The absence of effective state, and, especially, national, restraint upon unfair money getting has tended to create a small class of enormously wealthy and economically powerful men, whose chief object is to hold and increase their power. The prime need is to change the conditions which enable these men to accumulate power which it is not for the general welfare that they should hold or exercise.

While Obama embraces the spirit of the Republican Roosevelt, conservative Republicans have gone to some lengths to put some distance between themselves and TR.

New Republic blogger Timothy Noah writes:

In May [conservative columnist George] Will complained that presidential candidate Tim Pawlenty sounded "like a dime-store Teddy Roosevelt" and added, parenthetically, "the real TR was bad enough." On National Review Online Michael Knox Beran has complained of TR, "Rather than use government to promote freer, more competitive markets, he used it to promote government itself." Need I remind you that TR was for Obamacare before even Mitt Romney?

The Heritage Foundation’s Web site reproduces TR’s "New Nationalism" speech and, in a preface, explains that this was a key historical turning point that put America on the road to serfdom:

"The radical change from the Founders and Lincoln is clear: In the name of ‘national efficiency,’ Roosevelt calls for ‘real democracy.’ Society’s needs become the measure of individual rights. ‘We should permit [fortunes] to be gained only so long as the gaining represents benefit to the community.’ Such an admittedly dramatic ‘increase in government control is now necessary.’ He proposes a ‘Federal Bureau of Corporations.’ There follow graduated or progressive income and inheritance taxes on ‘big fortunes.’ Thus, the federal and state Departments of Agriculture should ‘extend their work to cover all phases of farm life.’

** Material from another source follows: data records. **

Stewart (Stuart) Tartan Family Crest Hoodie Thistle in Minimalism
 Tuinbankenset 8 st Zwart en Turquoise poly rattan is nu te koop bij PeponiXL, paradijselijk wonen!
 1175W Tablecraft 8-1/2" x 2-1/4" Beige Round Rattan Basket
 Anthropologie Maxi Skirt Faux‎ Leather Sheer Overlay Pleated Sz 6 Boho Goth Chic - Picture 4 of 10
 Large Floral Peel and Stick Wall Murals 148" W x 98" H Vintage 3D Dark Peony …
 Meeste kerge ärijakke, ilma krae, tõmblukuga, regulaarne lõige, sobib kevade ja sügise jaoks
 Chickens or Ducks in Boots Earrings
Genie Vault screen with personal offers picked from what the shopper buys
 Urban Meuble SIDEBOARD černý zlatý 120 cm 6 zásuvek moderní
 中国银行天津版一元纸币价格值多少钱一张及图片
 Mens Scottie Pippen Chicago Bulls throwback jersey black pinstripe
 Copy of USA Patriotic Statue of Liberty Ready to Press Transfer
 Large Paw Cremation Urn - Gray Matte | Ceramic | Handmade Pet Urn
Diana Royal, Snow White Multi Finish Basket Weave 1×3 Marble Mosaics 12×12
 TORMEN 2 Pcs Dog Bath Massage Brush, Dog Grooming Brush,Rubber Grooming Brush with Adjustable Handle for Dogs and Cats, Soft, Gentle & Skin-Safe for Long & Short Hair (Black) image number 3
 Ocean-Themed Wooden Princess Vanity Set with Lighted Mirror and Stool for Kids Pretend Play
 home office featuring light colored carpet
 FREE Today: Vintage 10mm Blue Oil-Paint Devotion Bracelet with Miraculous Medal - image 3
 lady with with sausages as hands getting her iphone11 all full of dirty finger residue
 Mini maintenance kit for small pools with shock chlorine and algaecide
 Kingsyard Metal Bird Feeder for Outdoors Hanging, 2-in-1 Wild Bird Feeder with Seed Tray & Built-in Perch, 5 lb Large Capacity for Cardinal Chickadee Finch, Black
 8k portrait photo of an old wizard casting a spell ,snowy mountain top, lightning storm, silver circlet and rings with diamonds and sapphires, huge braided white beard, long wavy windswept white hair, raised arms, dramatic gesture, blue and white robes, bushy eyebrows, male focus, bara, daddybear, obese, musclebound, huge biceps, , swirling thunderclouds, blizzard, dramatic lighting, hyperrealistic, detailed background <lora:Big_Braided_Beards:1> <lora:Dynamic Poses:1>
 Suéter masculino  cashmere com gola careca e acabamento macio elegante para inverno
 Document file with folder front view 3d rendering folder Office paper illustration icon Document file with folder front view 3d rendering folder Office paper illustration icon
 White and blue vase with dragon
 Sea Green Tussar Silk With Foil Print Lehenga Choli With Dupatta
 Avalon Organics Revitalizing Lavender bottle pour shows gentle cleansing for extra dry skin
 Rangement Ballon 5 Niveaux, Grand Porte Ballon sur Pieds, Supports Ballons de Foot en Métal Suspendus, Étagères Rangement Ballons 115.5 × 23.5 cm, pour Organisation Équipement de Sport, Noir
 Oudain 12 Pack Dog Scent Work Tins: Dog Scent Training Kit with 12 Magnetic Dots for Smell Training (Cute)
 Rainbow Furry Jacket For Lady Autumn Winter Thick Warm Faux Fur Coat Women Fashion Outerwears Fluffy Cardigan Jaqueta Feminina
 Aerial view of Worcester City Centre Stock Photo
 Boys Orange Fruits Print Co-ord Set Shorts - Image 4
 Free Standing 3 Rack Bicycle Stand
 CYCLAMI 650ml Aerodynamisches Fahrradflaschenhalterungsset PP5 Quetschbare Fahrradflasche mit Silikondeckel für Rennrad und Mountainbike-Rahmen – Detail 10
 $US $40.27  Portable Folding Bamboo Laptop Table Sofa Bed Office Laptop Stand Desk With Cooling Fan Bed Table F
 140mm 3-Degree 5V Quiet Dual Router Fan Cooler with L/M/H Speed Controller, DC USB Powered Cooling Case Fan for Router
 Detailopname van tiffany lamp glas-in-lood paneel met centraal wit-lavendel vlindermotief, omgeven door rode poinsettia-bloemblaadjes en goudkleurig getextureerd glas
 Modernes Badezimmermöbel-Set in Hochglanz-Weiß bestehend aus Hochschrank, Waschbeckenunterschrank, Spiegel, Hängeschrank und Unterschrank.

"But the regulation of the national economy requires control over private life as well. In order to fulfill government’s purpose of serving the welfare of the people, Roosevelt demands ‘a genuine and permanent moral awakening.’ The federal government must even mold the family and education to guarantee Progressive results. The ‘New Nationalism’ stands not only for a strong military and global presence but also nationalization of life generally."

Last year Glenn Beck (who used to be a big deal on the right) identified TR as pretty much the antichrist. Yesterday on Fox News, correspondent Chris Stirewalt said

"What Teddy Roosevelt was calling for was sort of a socialistic nationalism in which the government would take things away from people who got things that he didn’t think they should have, give it to the working man, they talk about the square deal, fairness, all of these new mandates for government, something the Republican party has walked away in very decided fashion certainly since the Reagan era, in terms of what the role and purpose of government is."

The distinguished presidential historian Megyn Kelly chimed in: "Teddy Roosevelt was calling for something akin to a socialist nationalism," prompting Stirewalt to reply, "Exactly." Kelly then puzzled over why Obama would embrace so obvious a scoundrel: "Why would President Obama want to do anything that would associate himself with that word, ‘socialist,’ which has been used against him by so many of the current Republican presidential candidates, among others?"

I think maybe she was confusing TR with Emma Goldman. An easy enough mistake to make.

Now if only there were some way to get rid of that third president from the left carved into Mount Rushmore.

To save the cost of blasting, a more budget-conscious solution might be something like this, which would require only a few hundred buckets of black paint.:

Noah continues:

… Roosevelt was a reformer who worried that unless America’s disparities of wealth were addressed there might be a Marxist revolution. It sounds quaint today, but Republicans (and Progressives) used to worry about that sort of thing. Here’s what TR wrote in his 1916 autobiography:

"I have always maintained that our worst revolutionaries today are those reactionaries who do not see and will not that there is any need for change. Such men seem to believe that the four and a half million Progressive voters, who in 1912 registered their solemn protest against our social and industrial injustices, are ‘anarchists,’ who are not willing to let ill enough alone. If these reactionaries had lived at an earlier time in our history, they would have advocated Sedition Laws, opposed free speech and free assembly, and voted against free schools, free access by settlers to the public lands … and the abolition of imprisonment for debt; and they are the men who today oppose minimum wage laws, insurance of workmen against the ills of industrial life and the reform of our legislatures and our courts, which can alone render such measures possible. Some of these reactionaries are not bad men, but merely shortsighted and belated. It is these reactionaries, however, who, by ‘standing pat’ on industrial injustice, incite inevitably to industrial revolt, and it is only we who advocate political and industrial democracy who render possible the progress of our American industry on large constructive lines with a minimum of friction because with a maximum of justice."

Aren’t you glad we don’t have anybody like that today?